When I crossed that stretch of parking lot in front of Albertson’s, it was all a bit of a blur. But, over the past few months, a few details have begun to emerge from the recesses.
Travis looked to be in his late 30’s. He had a goatee and was recently shaven. A pretty clean cut guy, which surprised me a little. From afar, I just didn’t know what to expect. Before I got out of the car, I took the five dollar bill out of my wallet and then walked with it being displayed. I didn’t want to seem threatening to him; I wanted to make sure that he knew I was coming with an offering and not to do him any harm.
Once I was within a few feet of this man, he noticed me and then something miraculous happened: I wasn’t really nervous anymore. To me this was astounding. I couldn’t help noticing this as I held out my hand with the money. He thanked me and smiled, and then I held out my hand again and introduced myself.
“My name’s Chuck,” I said.
“I’m Travis,” he responded, and firmly shook my hand.
I’ve certainly introduced myself before, so that was easy. What I was about to do, however, was virgin territory to me. I was about to ask a total stranger permission to let me pray for them. Good Lord…what am I doing here? Thoughts sped by in those split seconds, and I thought that my nervousness would come flooding back. The moment seemed suspended even though I knew it wasn’t.
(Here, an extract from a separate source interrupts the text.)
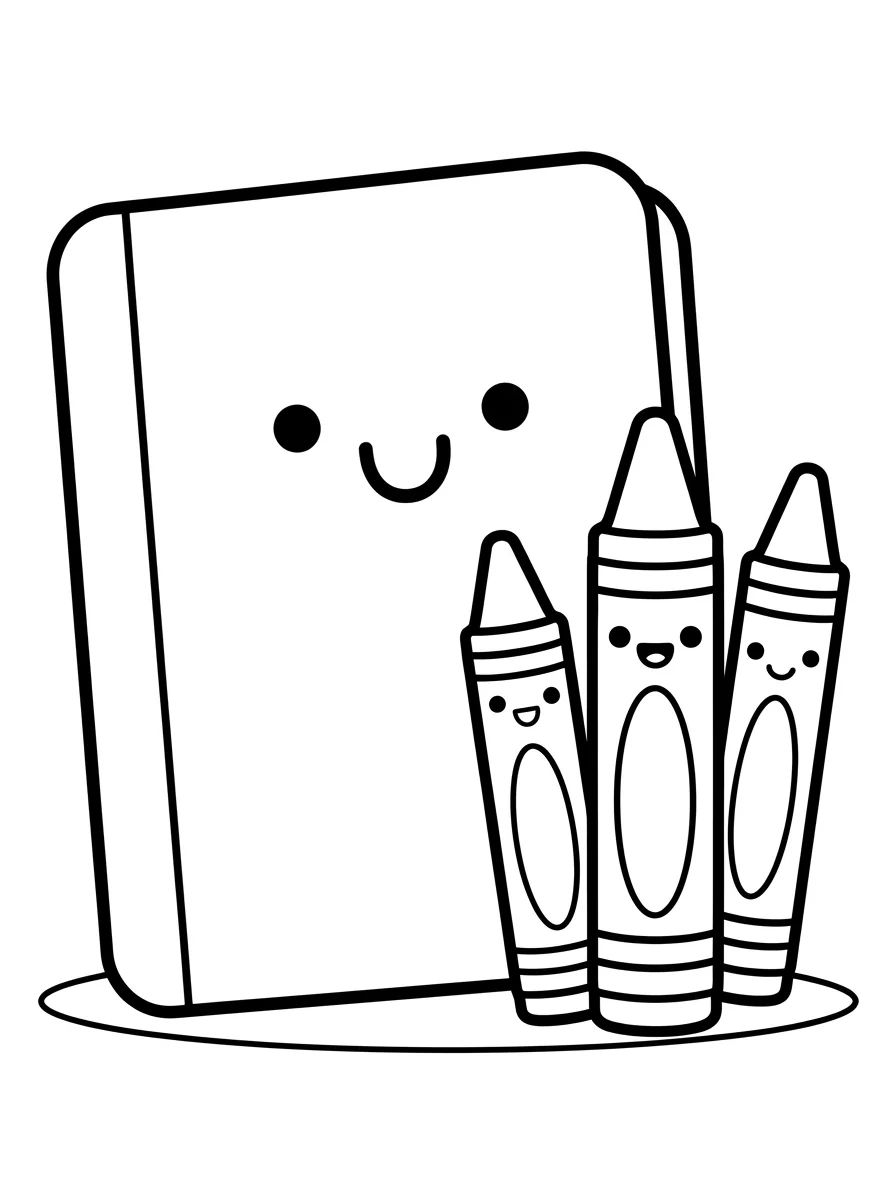 Cuaderno y Crayones para colorir Desenho de Cuaderno y Crayones para colorir e imprimir grátis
Then I just blurted out:
“Travis…do you mind if I pray for you?”
Into the breach, I thought.
“Not at all,” he said, “I’m a Christian, too.”
I reached out my right hand and touched the sleeve of his camouflage jacket. It looked like it was from one of those army surplus stores and not some sporting goods chain. I think I had something similar when I was a kid. I loved those surplus stores. I bowed my head and closed my eyes, lightly gripping Travis’s upper arm. As I bowed, I noticed Travis did the same.
I prayed. It wasn’t a particularly fervent prayer, in fact it was pretty generic, I recall. The words seemed canned and contrived, for the most part. I felt I was stringing together platitudes, and not really praying. But I do remember being led to say one thing that seemed different: let Travis know You love him, Lord. Let him know he’s not alone. I have tried to include this in all the prayers that I have prayed for street people since that day. The prayer that these people know they are not alone. This is important. Everyone needs to feel like someone cares for them. It doesn’t matter where they are in life.
When I finished, I felt that I had done Travis a disservice. I felt, in that second after I stopped praying, that Travis deserved to have someone who was a genuine prayer warrior standing in the gap for him. As this ran through my head, Travis spoke up, derailing that train of self-loathing.
“Thank you,” he said, “man, I’ve been standing out here for eight hours, and that’s the best thing that’s happened to me all day.”
He was beaming, and I was humbled.
Walking back to my car, it began to dawn on me that God hadn’t asked me to pray the prayer of my life. He had only asked if I would stand in a certain place at a certain time. That was all. He had asked me to show up. And for once, in my obstinate, bull-headed life, I did.